Wan Zuocheng, 70, starts his day at 4 am.

The first thing he does after heading downstairs is fire up over a dozen stoves and get his kettle going. He boils a large amount of water every day to help the families of cancer patients with their cooking.

Knowing that patients generally have a poor appetite after chemotherapy, he also prepares many pots of porridge.

His wife, 68-year-old Xiong Gengxiang, handles rice cooking. She cooks more than 10 pots of rice a day. At 9 am, the couple welcomes their first batch of customers and keeps serving until the last customer leaves around 8 or 9 pm.

The special kitchen is located in Qingshan Lake district in Nanchang, East China's Jiangxi province, right next to Jiangxi Cancer Hospital. Over the past two decades, it has become widely known as the "anti-cancer kitchen" for providing inpatients and their families with a convenient place to cook meals.

The couple provides the use of their stoves and kitchenware to the public for a very low price — a mere 1 yuan ($15 cents).

The kitchen was originally a breakfast stall that Wan and Xiong operated. They used to cook youtiao, or deep-fried dough sticks, which were well-known in the neighborhood.

One day in 2003, a young couple walked by and asked if they could use the stove to cook food for their son. The boy, then a teenager, was suffering from bone cancer. He wanted to eat his mother's cooking while he was hospitalized.

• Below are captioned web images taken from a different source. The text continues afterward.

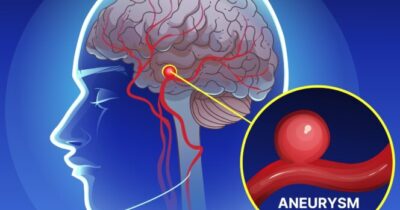tętniak mózgu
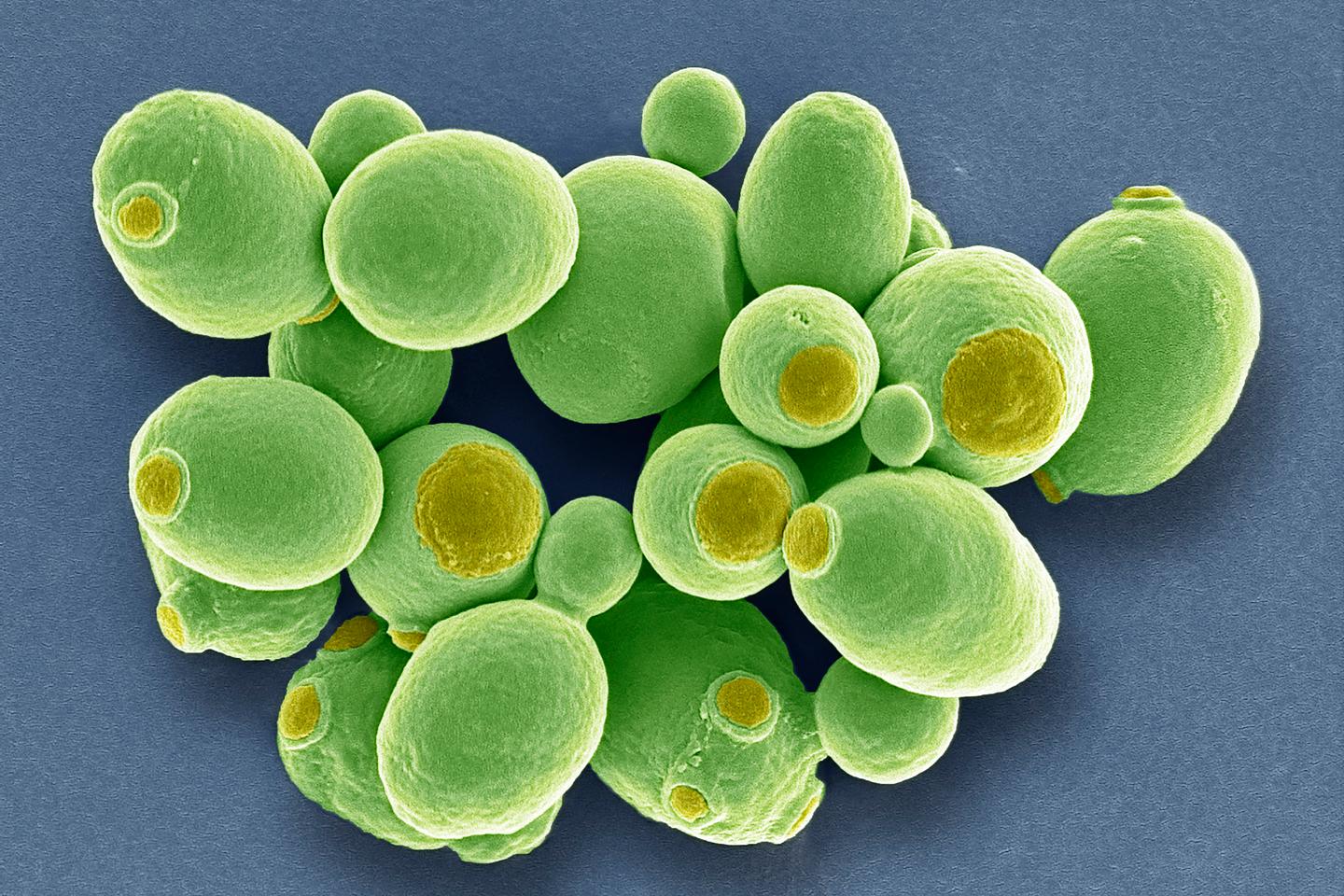 L’inattendu destin des levures domestiques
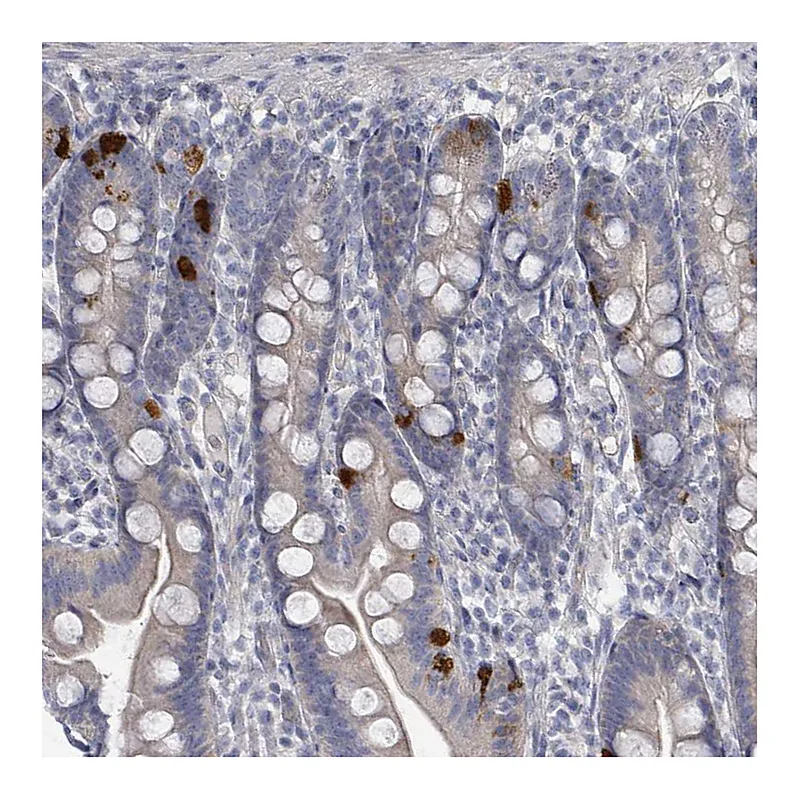 Atlas Antibodies Anti-SLC25A45 Antibody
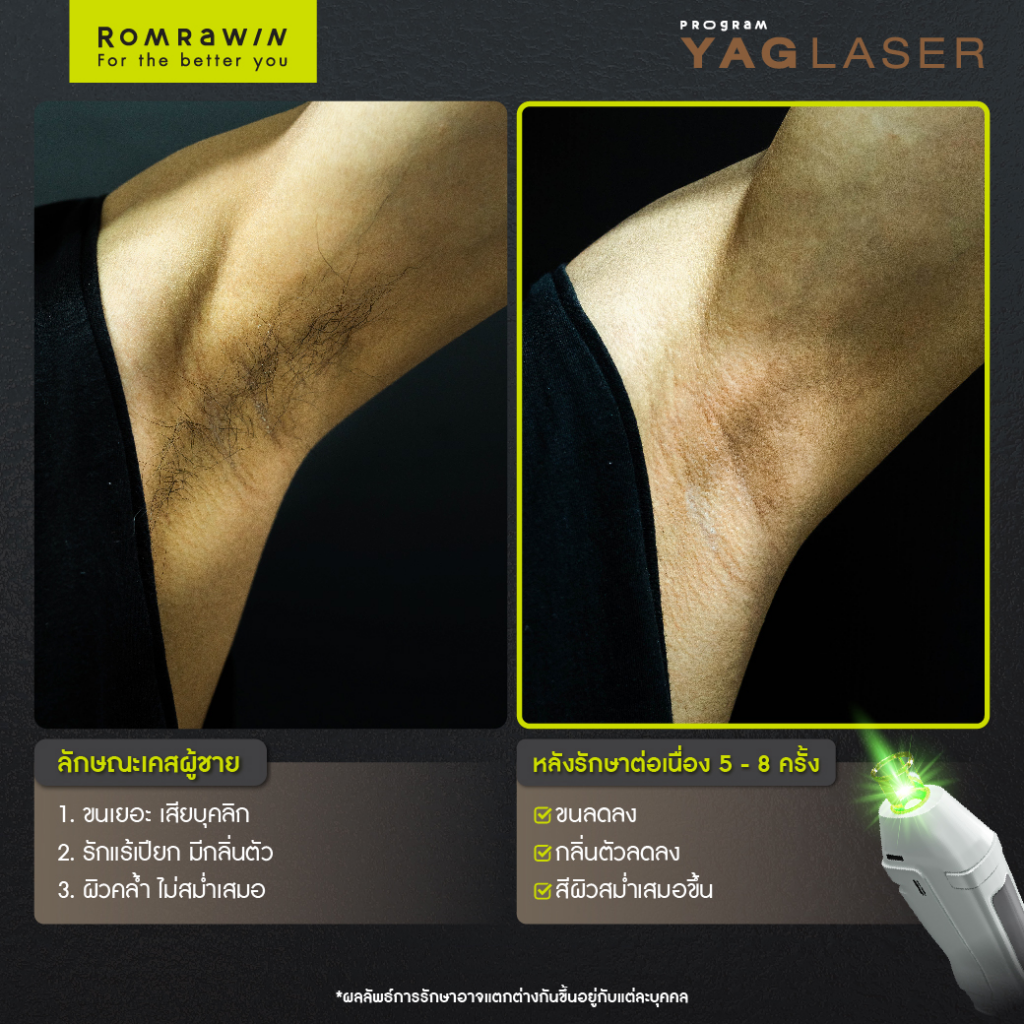 รีวิวเลเซอร์ขนรักแร้ที่ Romrawin Clinic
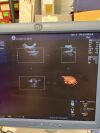 GE Ultrasound General Electrics GE Logiq E9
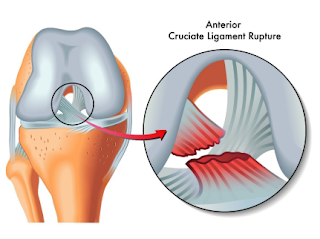 What is ACL? How you get Injured?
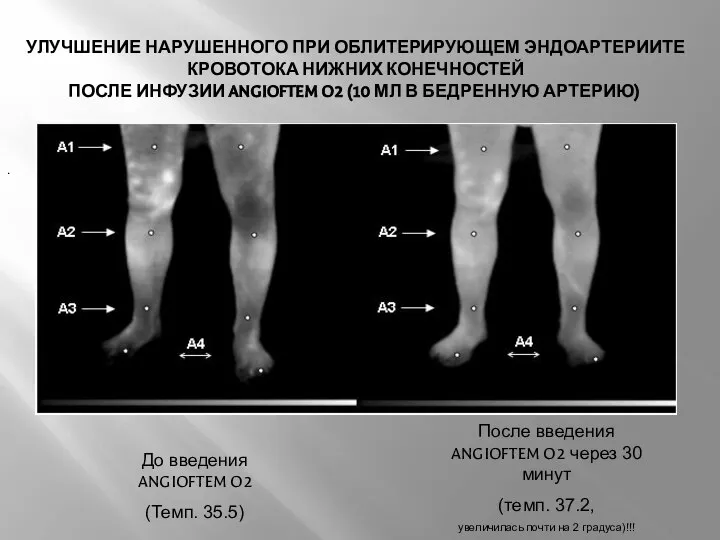 УЛУЧШЕНИЕ НАРУШЕННОГО ПРИ ОБЛИТЕРИРУЮЩЕМ ЭНДОАРТЕРИИТЕ КРОВОТОКА НИЖНИХ КОНЕЧНОСТЕЙ ПОСЛЕ ИНФУЗИИ ANGIOFTEM O2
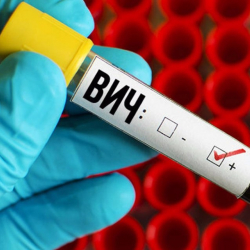 Кыргызстанда СПИД менен ооругандардын саны көбөйүүдө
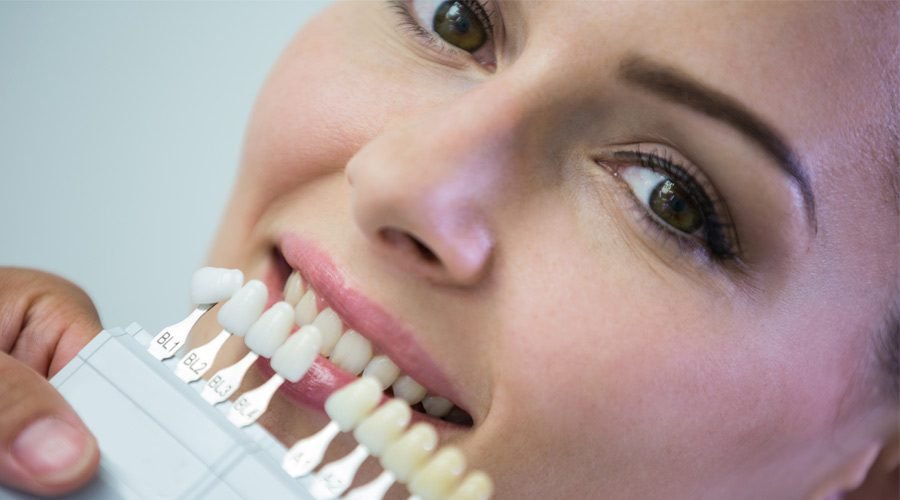 Porcelain Crowns in Turkey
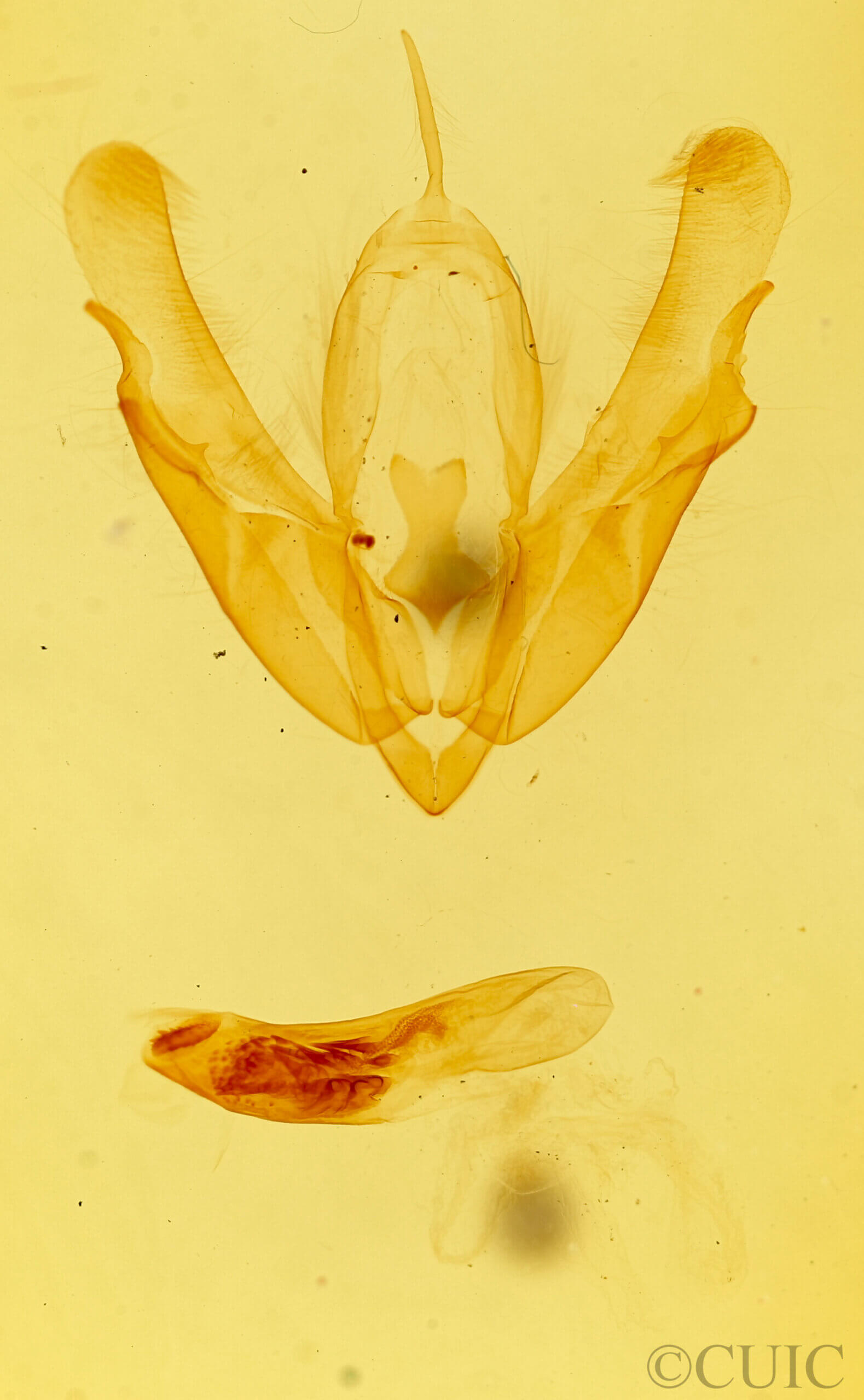 genitalia view of adult Acronicta interrupta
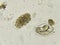 Eggs of Hookworm in stool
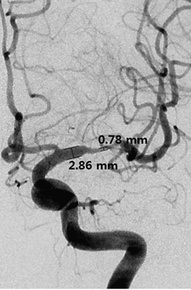 ICAD with acute occlusion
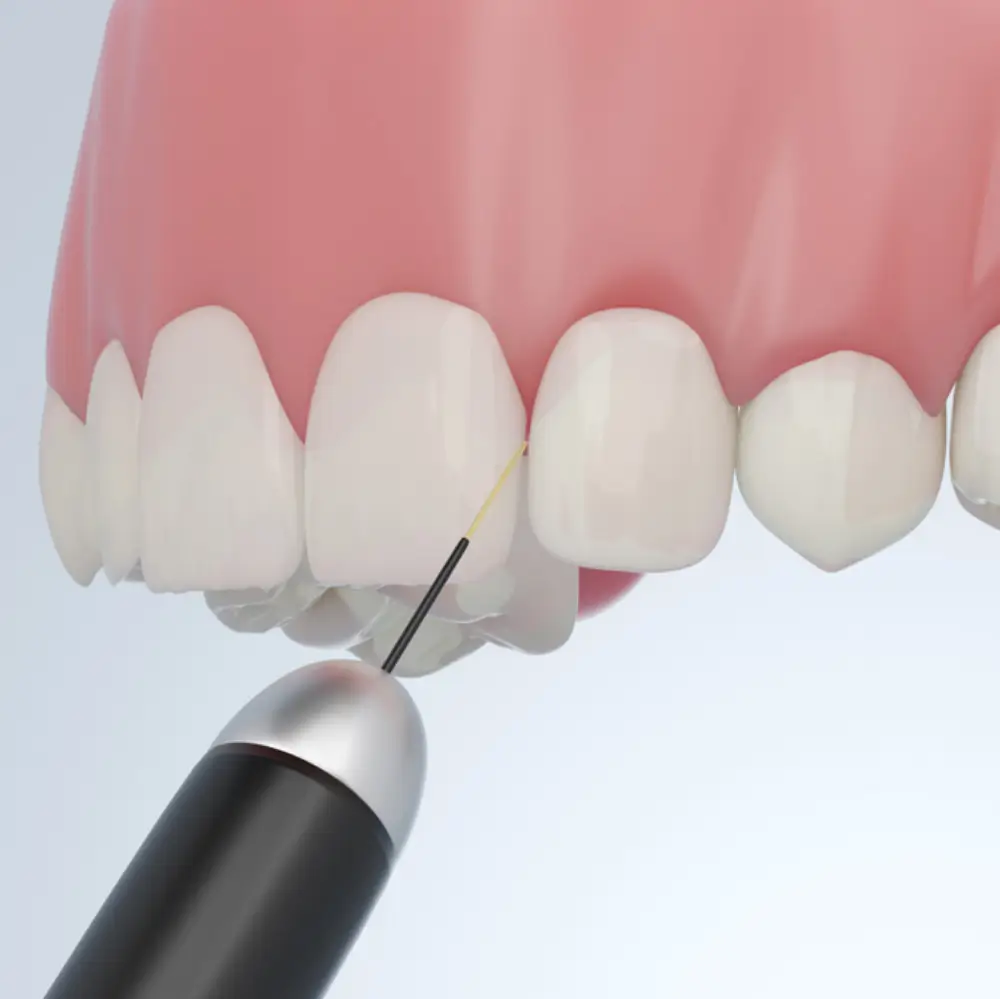 Close up of a dental probe performing an oral biopsy on gum tissue.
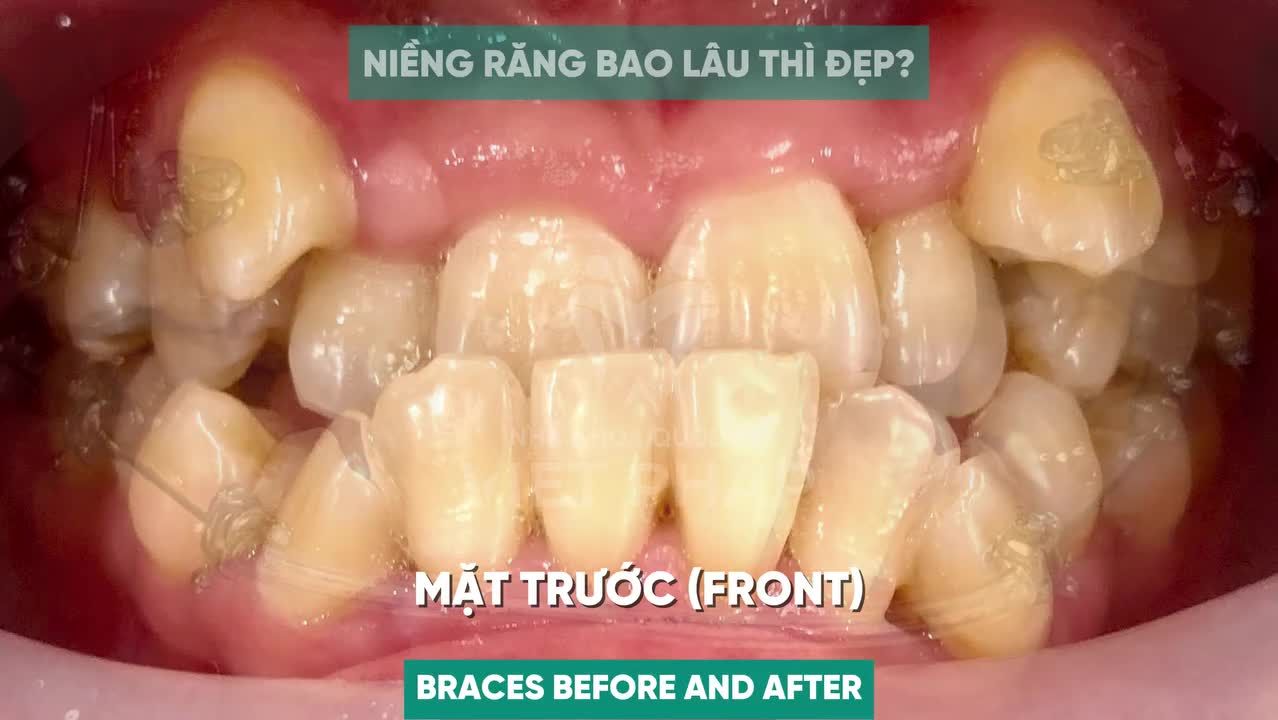 HÀNH TRÌNH 1 NĂM 10 THÁNG TẠM BIỆT MÓM, ĐÓN TỰ TIN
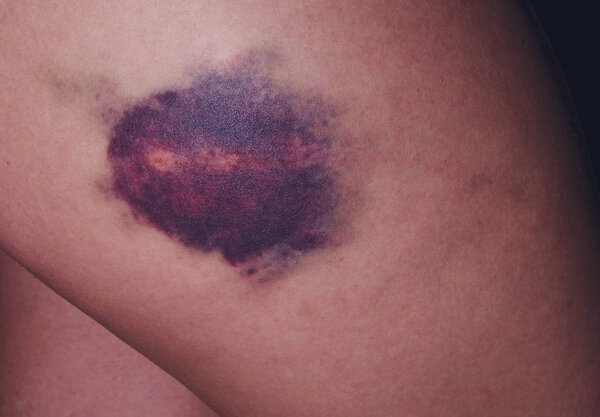 Травма коленного сустава. Большой синяк на коленях
.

Wan and Xiong let the young mother use their stove for free. Later, they offered the use of the stove and their kitchenware at no charge to other families who wanted to make meals for their hospitalized relatives.

As word spread about the couple's deed, people who had used their kitchen began referring to the stall as "anti-cancer kitchen". Some even started calling it "kitchen of love" that made them feel warm.

To enable more people to cook at the same time, Wan and Xiong purchased more stoves and kitchenware and transformed their little stall into a larger kitchen.

"Everyone who comes here to cook has a family member suffering from cancer," Wan said. "Patients always want to eat meals cooked by their family members, so it (running the kitchen) is a great thing for us."